─── ENTRIES SHOWN

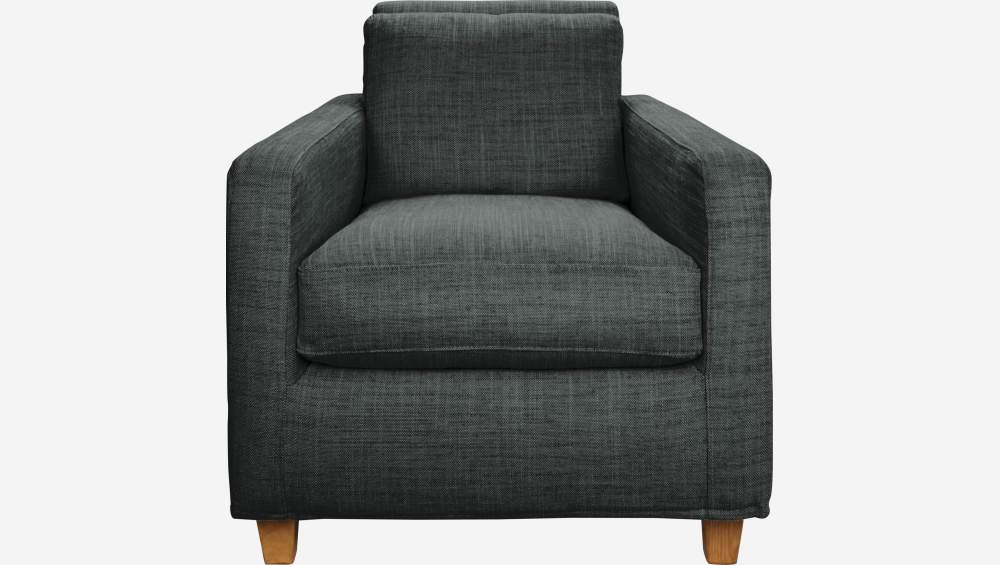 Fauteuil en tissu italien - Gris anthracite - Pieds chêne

──────
─── ENTRIES SHOWN

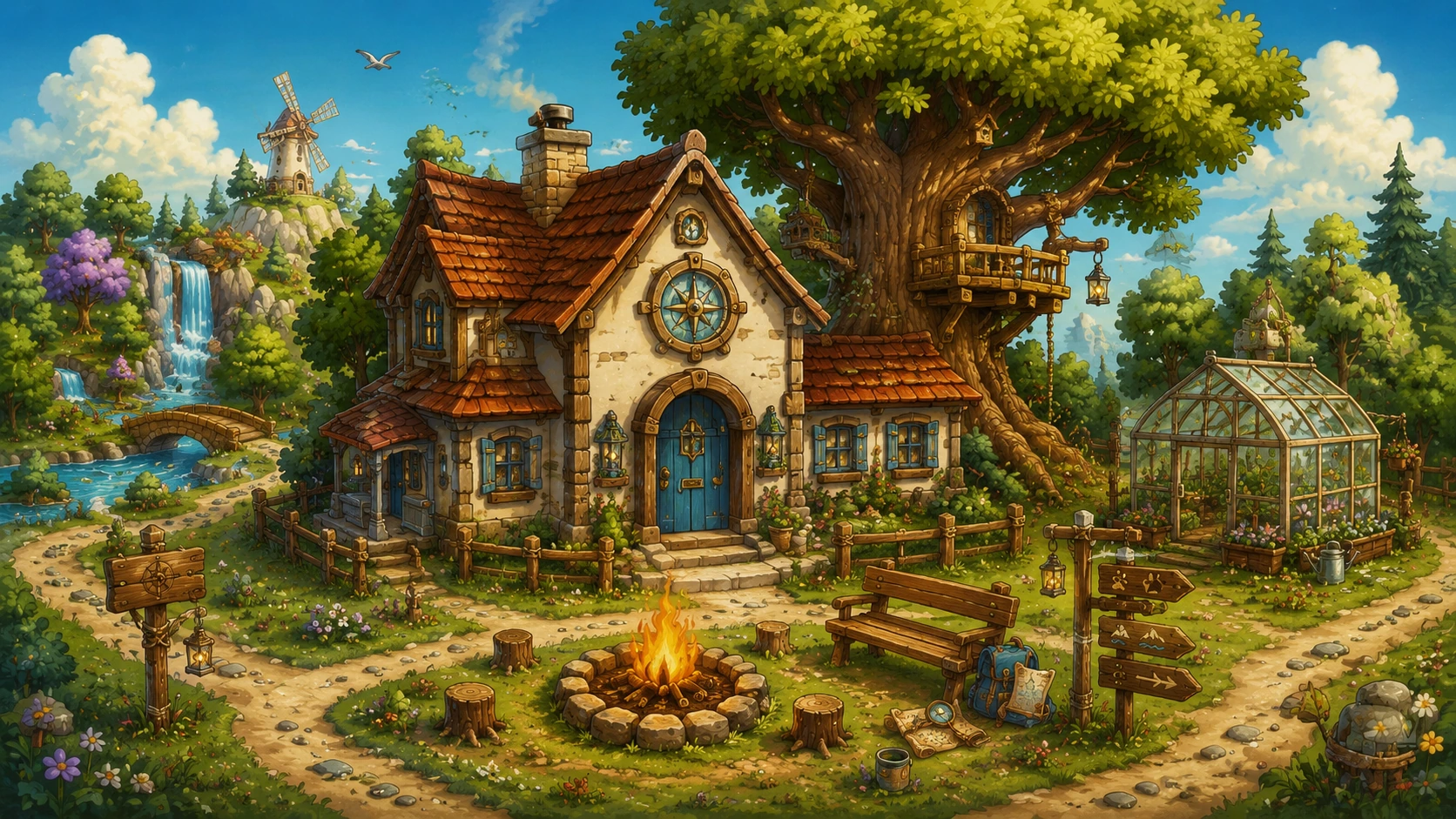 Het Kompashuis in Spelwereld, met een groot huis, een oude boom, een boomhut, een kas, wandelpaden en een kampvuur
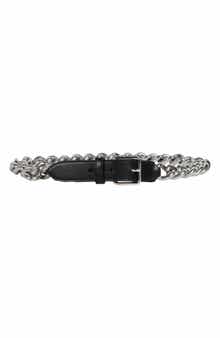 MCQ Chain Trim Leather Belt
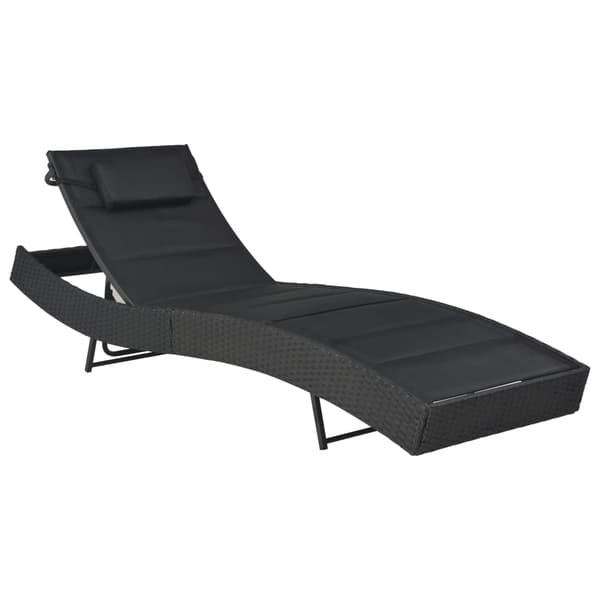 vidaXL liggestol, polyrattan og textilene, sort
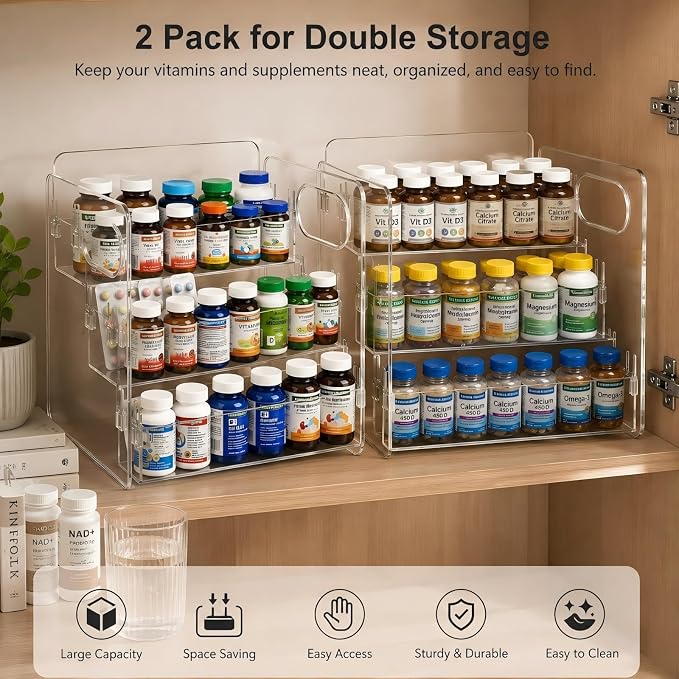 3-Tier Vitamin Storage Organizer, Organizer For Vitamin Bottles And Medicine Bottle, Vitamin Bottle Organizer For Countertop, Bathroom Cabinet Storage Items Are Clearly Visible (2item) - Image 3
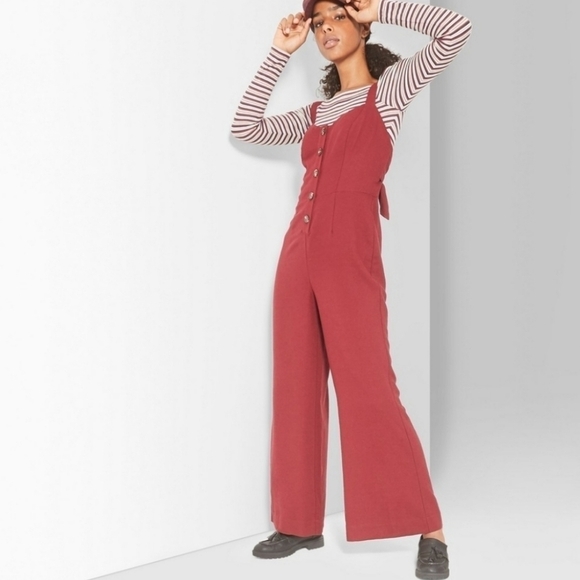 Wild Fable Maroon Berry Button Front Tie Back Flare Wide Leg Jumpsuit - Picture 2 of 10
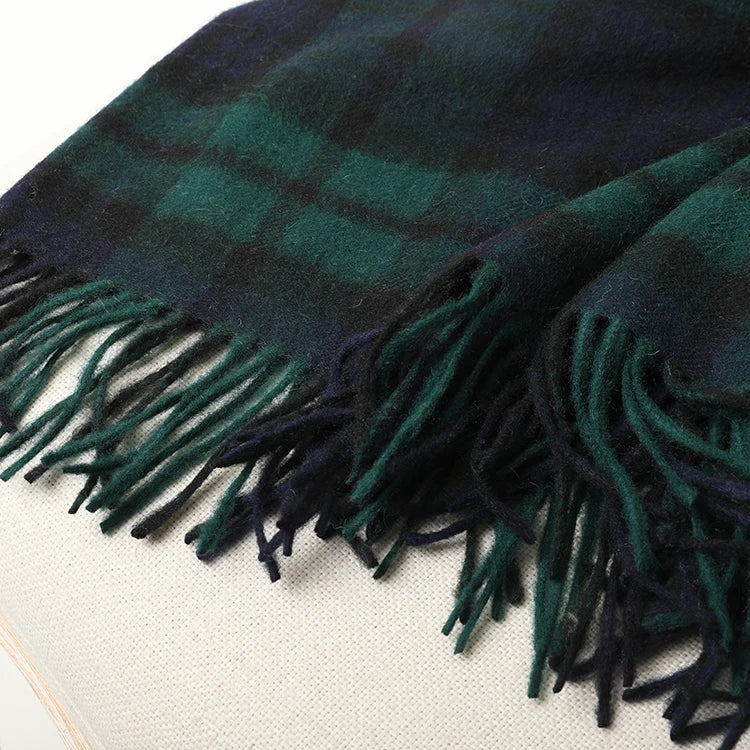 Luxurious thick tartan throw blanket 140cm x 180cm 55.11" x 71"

──────
─── ENTRIES SHOWN

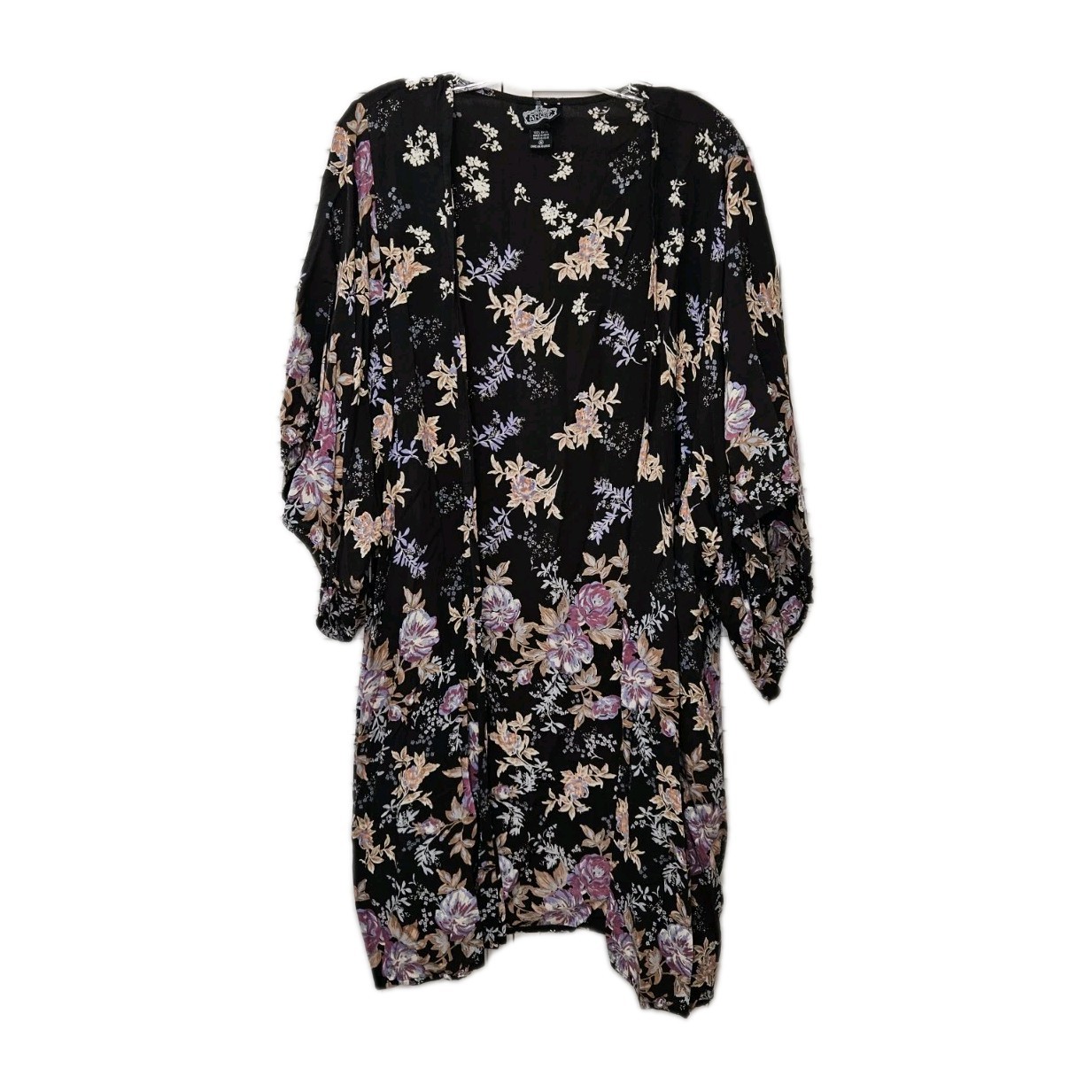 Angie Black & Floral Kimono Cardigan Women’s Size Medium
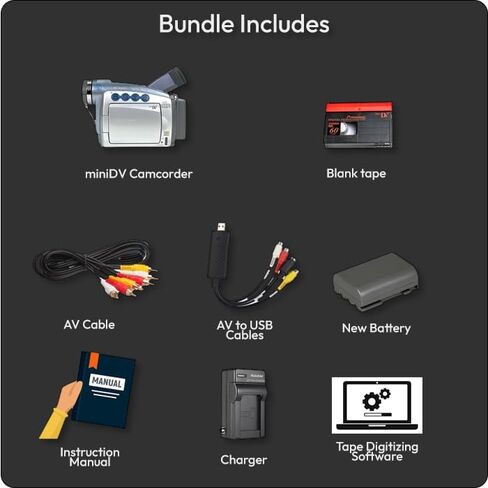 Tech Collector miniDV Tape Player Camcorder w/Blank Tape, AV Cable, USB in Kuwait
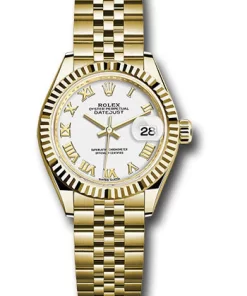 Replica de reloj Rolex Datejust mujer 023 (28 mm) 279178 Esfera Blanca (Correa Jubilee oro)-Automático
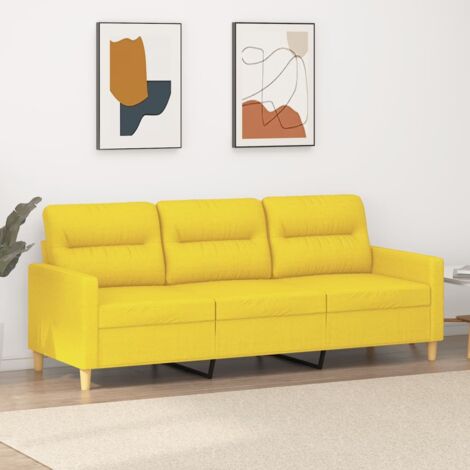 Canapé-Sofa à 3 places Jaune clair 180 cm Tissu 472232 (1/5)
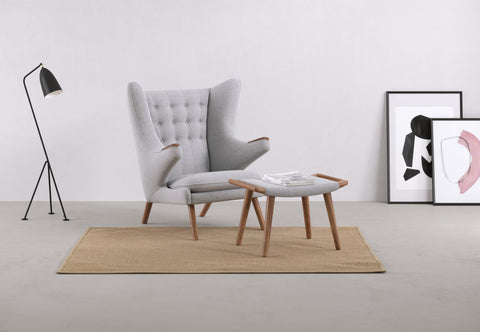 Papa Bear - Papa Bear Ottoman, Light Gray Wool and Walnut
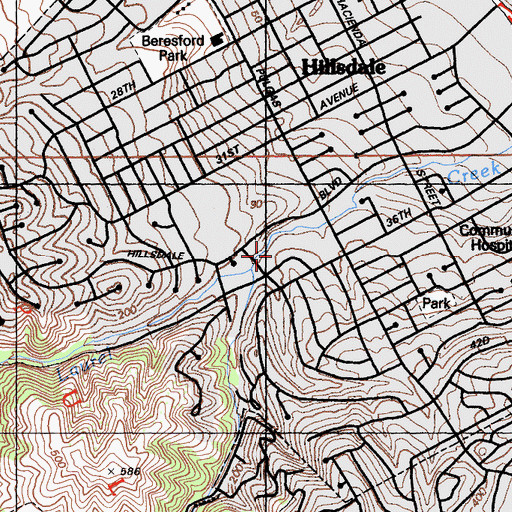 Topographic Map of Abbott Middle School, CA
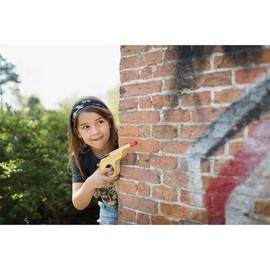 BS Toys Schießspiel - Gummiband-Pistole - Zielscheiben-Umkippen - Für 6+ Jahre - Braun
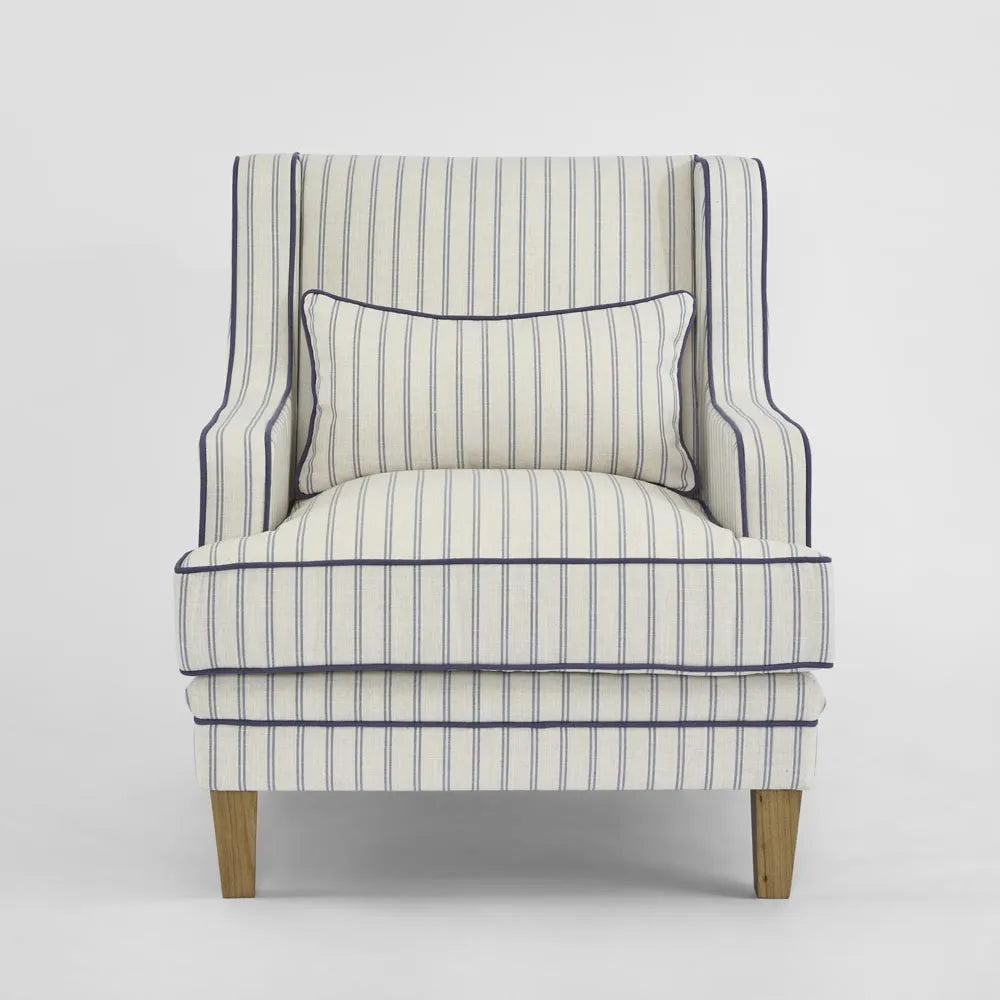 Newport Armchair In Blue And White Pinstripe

──────

THE TASK
An exact copy is needed of the stretch above that opens with the line containing "BS Toys Schießspiel" and closes with the line containing "Newport Armchair In Blue And White Pinstripe"; the pictures are not part of it.

EXERCISE RESULT
 BS Toys Schießspiel - Gummiband-Pistole - Zielscheiben-Umkippen - Für 6+ Jahre - Braun
 Newport Armchair In Blue And White Pinstripe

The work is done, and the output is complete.